BEGIN

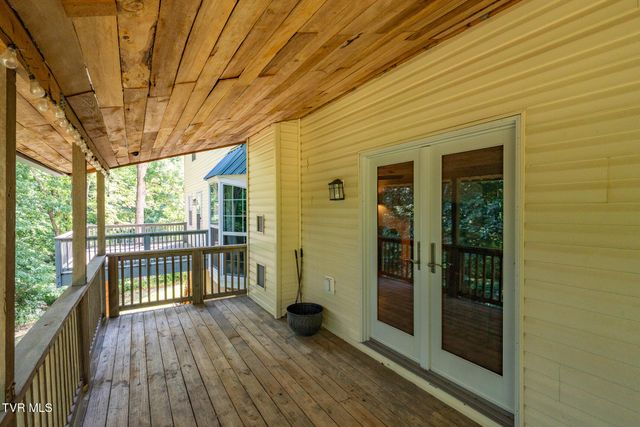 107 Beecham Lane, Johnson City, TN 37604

END
BEGIN

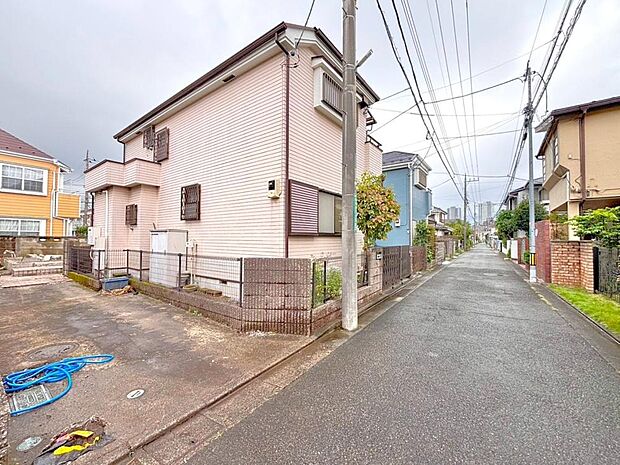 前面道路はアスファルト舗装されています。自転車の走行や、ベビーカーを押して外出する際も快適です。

END
BEGIN

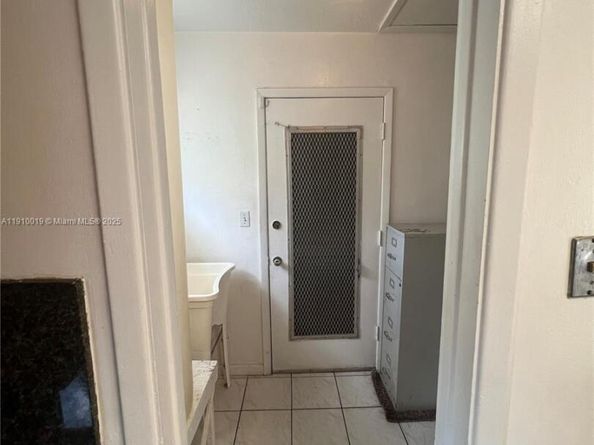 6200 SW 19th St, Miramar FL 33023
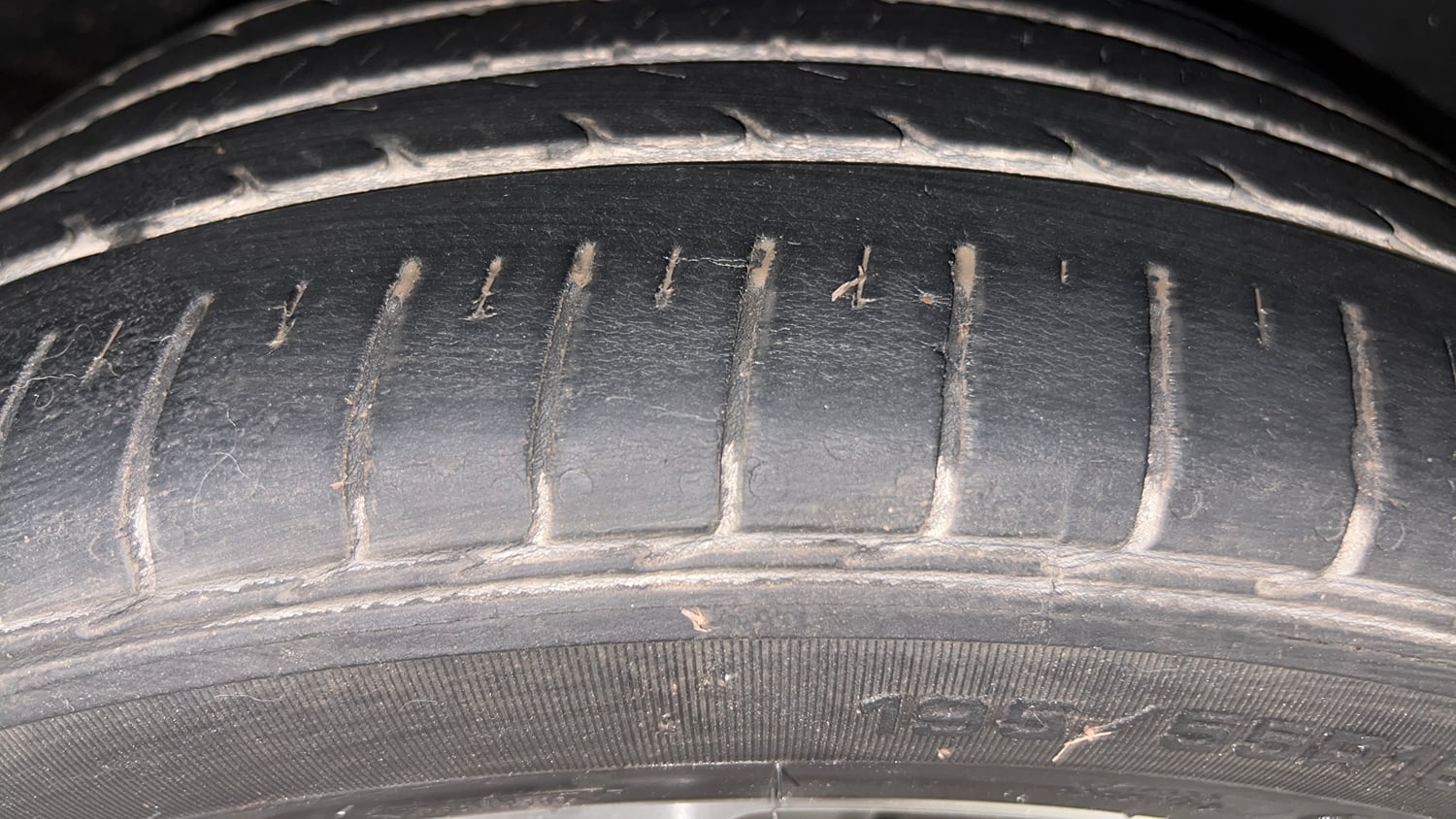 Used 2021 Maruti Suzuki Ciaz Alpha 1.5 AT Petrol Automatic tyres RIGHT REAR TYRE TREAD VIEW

END

WORK TASK: Using the records above, return word for word the lines that begin at the one containing "6200 SW 19th St, Miramar FL 33023" and end at the one containing "Used 2021 Maruti", both of them included and no pictures.

EXPECTED OUTPUT:
 6200 SW 19th St, Miramar FL 33023
 Used 2021 Maruti Suzuki Ciaz Alpha 1.5 AT Petrol Automatic tyres RIGHT REAR TYRE TREAD VIEW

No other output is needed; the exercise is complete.